DESeq2 and TCC showed similar results (99.8% concordance), and edgeR and MBCdeg also showed similar results (> 97% concordance). Even the lowest concordance rate was found between DESeq2 and MBCdeg1 with K = 5 at 90.86% (see “Sheet1” in Additional file 8). This high concordance rate (≥ 90.86%) among the methods is reasonable as the maximum PDEG value is 9.10% (i.e., mostly determined as non-DEGs). We observed a high similarity between the results from six MBCdeg methods, where the lowest concordance rate was found between MBCdeg1 with K = 5 and MBCdeg2 with K = 4 at 97.26%. This suggests that a cluster of DEG1 (or DEG2) patterns obtained by K = 3 is divided into sub-clusters when K = 4 or 5. Indeed, MBCdeg1 with K = 4 produced two clusters (containing 1,939 genes and 1,454 genes, respectively) assigned to the DEG2 pattern (see “Sheet2” in Additional file 8). Of a total of 3,393 genes, 2,713 genes were included in the 3,298 DEG2 genes obtained by MBCdeg1 with K = 3 (Table 4).
Similar to the analysis using MBCdeg1 with K = 4, MBCdeg2 with K = 4 produced two clusters (containing 60 genes and 1,291 genes, respectively) assigned to the DEG1 pattern (“Sheet2” in Additional file 8). Interestingly, the 1,291 genes in the second cluster were identical to the 1,291 DEG1 genes obtained using MBCdeg2 with K = 3, and 1,290 of the 1,291 genes were the same as those obtained using MBCdeg1 with K = 3–4. In the results obtained using MBCdeg2 with K = 4, we found that the representative expression patterns for the remaining 60 genes assigned to the DEG1 pattern (the cluster centers µ = (0.184, -0.184)) were very similar to those assigned to the non-DEG pattern (µ = (0.014, -0.014)) than the other 1,291 genes to the DEG1 pattern (µ = (3.117, -3.117)), given the degrees of DE. These 60 genes were assigned to non-DEG pattern at K = 3. Although we defined only one cluster with the smallest L2 Norm as of non-DEG, it may be better to define the clusters with low L2 Norm as of non-DEGs and to consider their assignments when using other K values.
In the results with K = 5, we observed that MBCdeg2 gave two DEG1 clusters containing 38 and 1,291 genes, and two DEG2 clusters containing 1,938 and 1,364 genes.

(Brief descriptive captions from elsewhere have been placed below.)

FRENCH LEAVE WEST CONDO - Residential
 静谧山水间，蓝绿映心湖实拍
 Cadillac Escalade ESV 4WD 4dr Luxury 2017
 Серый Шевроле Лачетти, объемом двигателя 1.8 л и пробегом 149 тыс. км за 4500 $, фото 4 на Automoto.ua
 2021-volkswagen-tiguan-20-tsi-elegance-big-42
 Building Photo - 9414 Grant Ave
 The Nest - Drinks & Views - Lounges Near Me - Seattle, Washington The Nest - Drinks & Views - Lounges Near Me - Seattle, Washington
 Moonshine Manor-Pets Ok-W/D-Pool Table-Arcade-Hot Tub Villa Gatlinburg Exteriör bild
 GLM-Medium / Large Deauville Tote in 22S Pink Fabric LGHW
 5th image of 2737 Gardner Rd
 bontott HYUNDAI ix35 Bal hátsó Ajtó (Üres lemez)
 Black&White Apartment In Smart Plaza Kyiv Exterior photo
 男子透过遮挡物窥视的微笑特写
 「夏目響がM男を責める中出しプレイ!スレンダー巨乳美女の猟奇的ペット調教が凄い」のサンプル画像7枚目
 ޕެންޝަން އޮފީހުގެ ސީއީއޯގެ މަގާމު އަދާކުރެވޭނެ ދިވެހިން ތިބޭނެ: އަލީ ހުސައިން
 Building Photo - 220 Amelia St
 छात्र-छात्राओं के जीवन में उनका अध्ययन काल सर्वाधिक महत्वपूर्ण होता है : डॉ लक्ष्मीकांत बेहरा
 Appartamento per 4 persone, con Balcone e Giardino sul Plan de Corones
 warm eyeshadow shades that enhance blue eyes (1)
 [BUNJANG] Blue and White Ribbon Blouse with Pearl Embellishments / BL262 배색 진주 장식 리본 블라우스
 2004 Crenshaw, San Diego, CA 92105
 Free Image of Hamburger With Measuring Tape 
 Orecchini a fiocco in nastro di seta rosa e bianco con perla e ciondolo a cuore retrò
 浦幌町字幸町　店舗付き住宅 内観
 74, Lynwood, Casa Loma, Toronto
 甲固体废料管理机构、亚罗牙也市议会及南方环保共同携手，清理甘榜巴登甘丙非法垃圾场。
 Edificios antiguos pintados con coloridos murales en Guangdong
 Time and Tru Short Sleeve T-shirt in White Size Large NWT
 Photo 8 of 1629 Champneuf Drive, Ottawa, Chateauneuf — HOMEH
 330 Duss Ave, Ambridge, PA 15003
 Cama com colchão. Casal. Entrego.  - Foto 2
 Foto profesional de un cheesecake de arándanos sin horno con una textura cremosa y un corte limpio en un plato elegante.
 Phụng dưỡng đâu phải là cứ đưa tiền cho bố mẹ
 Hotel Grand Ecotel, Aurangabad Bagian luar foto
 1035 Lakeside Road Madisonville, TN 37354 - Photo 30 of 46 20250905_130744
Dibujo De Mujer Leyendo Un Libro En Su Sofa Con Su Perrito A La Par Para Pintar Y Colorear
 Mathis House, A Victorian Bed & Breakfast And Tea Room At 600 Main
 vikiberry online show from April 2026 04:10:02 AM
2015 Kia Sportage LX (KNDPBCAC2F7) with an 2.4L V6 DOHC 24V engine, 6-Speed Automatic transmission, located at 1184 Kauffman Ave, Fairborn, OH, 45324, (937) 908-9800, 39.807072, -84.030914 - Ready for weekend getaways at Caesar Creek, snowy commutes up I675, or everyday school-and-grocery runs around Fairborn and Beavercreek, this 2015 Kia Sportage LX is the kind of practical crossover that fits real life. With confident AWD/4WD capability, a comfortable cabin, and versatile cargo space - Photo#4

Additionally, MBCdeg1 gave one DEG1 cluster containing 1,291 genes and three DEG2 clusters containing 1,923, 39, and 1,471 genes, respectively. As described earlier, the 1,291 DEG1 genes obtained by MBCdeg2 with K = 5 were identical to those obtained by MBCdeg2 with K = 3–4 and 1,290 out of the 1,291 DEG1 genes were the same as those obtained by MBCdeg1 with K = 3–5. The degrees of DE in the three DEG2 clusters obtained when using MBCdeg1 were sorted in descending order of the clusters consisting of 1,923, 39, and 1,471 genes (“Sheet2” in Additional file 8). The 1,962 genes from the first two DEG2 clusters were included in the DEG2 cluster containing 3,298 genes, that was obtained by using MBCdeg1 with K = 3. However, 751 (or 720) of the remaining 1,471 genes with the lowest degree of DE from the last DEG2 cluster, were included alone in the DEG2 (or non-DEG) cluster obtained by using MBCdeg1 with K = 3. These results suggest that the use of MBCdeg for DE analysis should take into account the fluctuation of expression patterns in clusters obtained at various K values, as well as the PPs assigned to each gene.